Kalau menengok kinerja seniman-seniman yang ikut ambil bagian dalam art fair internasional, rata-rata mereka mendedikasikan pekerjaan mereka sebagai seorang seniman profesional. Begitu pula galeri dan jaringannya juga bekerja secara professional. Karya seni mereka dihargai dan dibayar dengan masuk akal dan ada kerjasama saling menguntungkan. Menjadi seniman profesional, seniman non-profit, atau seniman sampingan, tentunya semua kembali pada individu masing-masing. Tetapi bila ingin sesukses art fair internasional yang ada diluar negeri, sikap profesionalisme seniman, galeri dan punokawannya menjadi sesuatu yang amat vital.

Sebenarnya Surabaya bisa menjadi kota seni layaknya Bayreuth di Berlin, Singapura, Malaysia, Jakarta, Jogja. Yang dibutuhkan adalah dukungan dari semua pihak mulai dari SDM –para seniman, kurator, media, galeri dan peran pemerintah bersatu padu membuktikan kepada dunia luar, ada sebuah kota terbesar kedua di Indonesia yang memiliki potensi seni visual yang layak dilihat oleh dunia internasional.

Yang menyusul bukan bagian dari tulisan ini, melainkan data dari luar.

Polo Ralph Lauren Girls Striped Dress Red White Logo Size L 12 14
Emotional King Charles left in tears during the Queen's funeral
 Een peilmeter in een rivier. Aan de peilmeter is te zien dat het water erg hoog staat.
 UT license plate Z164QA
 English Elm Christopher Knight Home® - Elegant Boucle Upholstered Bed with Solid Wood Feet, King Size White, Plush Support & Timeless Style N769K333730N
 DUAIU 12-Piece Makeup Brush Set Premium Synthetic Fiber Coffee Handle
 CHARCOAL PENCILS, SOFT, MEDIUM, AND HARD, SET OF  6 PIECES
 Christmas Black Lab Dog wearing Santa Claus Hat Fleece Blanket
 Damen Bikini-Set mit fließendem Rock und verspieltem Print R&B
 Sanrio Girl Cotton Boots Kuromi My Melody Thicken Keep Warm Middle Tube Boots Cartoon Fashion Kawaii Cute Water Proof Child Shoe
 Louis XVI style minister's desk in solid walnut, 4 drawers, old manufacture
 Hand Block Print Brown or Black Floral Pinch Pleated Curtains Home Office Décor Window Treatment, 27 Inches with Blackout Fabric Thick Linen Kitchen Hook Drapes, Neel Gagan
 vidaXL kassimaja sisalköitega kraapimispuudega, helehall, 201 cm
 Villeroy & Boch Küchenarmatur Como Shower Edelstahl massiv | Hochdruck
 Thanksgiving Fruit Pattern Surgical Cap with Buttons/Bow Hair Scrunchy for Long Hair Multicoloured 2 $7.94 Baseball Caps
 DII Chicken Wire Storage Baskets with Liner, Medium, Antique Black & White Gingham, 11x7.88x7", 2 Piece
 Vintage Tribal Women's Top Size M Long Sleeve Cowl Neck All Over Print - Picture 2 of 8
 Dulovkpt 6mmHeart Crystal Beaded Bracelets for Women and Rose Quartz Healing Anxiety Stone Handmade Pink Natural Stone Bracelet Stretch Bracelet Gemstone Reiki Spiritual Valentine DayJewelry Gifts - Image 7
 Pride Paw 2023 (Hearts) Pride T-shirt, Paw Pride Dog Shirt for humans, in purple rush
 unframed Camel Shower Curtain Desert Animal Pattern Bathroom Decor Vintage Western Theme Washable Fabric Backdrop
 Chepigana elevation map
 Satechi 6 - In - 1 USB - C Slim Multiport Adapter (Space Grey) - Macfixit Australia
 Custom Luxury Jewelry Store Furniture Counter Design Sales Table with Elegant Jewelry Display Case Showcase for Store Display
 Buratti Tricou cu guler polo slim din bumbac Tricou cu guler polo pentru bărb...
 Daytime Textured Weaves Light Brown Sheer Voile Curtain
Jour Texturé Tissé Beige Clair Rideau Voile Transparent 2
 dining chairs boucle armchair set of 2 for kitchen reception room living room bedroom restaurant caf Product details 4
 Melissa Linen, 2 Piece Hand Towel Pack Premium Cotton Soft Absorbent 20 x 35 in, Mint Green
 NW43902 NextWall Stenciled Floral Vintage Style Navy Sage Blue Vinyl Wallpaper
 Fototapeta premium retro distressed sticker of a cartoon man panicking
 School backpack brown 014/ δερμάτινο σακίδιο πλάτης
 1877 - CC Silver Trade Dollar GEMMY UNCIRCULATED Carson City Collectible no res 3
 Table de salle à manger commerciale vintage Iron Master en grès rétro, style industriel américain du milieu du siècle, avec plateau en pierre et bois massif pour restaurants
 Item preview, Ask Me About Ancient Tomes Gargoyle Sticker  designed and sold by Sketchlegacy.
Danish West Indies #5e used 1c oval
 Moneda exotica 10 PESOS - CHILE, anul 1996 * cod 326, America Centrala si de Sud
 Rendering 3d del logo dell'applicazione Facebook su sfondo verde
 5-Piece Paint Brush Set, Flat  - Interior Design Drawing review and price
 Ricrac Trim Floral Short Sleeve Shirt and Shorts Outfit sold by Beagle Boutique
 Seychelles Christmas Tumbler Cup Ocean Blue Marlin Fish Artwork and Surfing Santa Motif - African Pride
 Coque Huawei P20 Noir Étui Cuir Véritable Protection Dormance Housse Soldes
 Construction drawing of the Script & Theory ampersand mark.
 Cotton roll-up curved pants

Impian tersebut nampak muluk-muluk memang. Namun ketika semua pihak bekerja secara professional mulai dari senimannya sendiri mau belajar lebih giat, lalu kurator yang konsisten, manager seni, galeri, dukungan media –koran, majalah, jurnal, website bilingual interaktif, dukungan penuh pemerintah –subsidi, kemudahan administrasi keluar masuknya karya dari dalam dan keluar negeri, donatur dan tingginya animo masyarakat Surabaya, tentunya bukan hal yang muskil seni visual Surabaya bisa terdengar ke negara lain pun di undang pada perhelatan Art Fair inernasional. Semoga. Amin.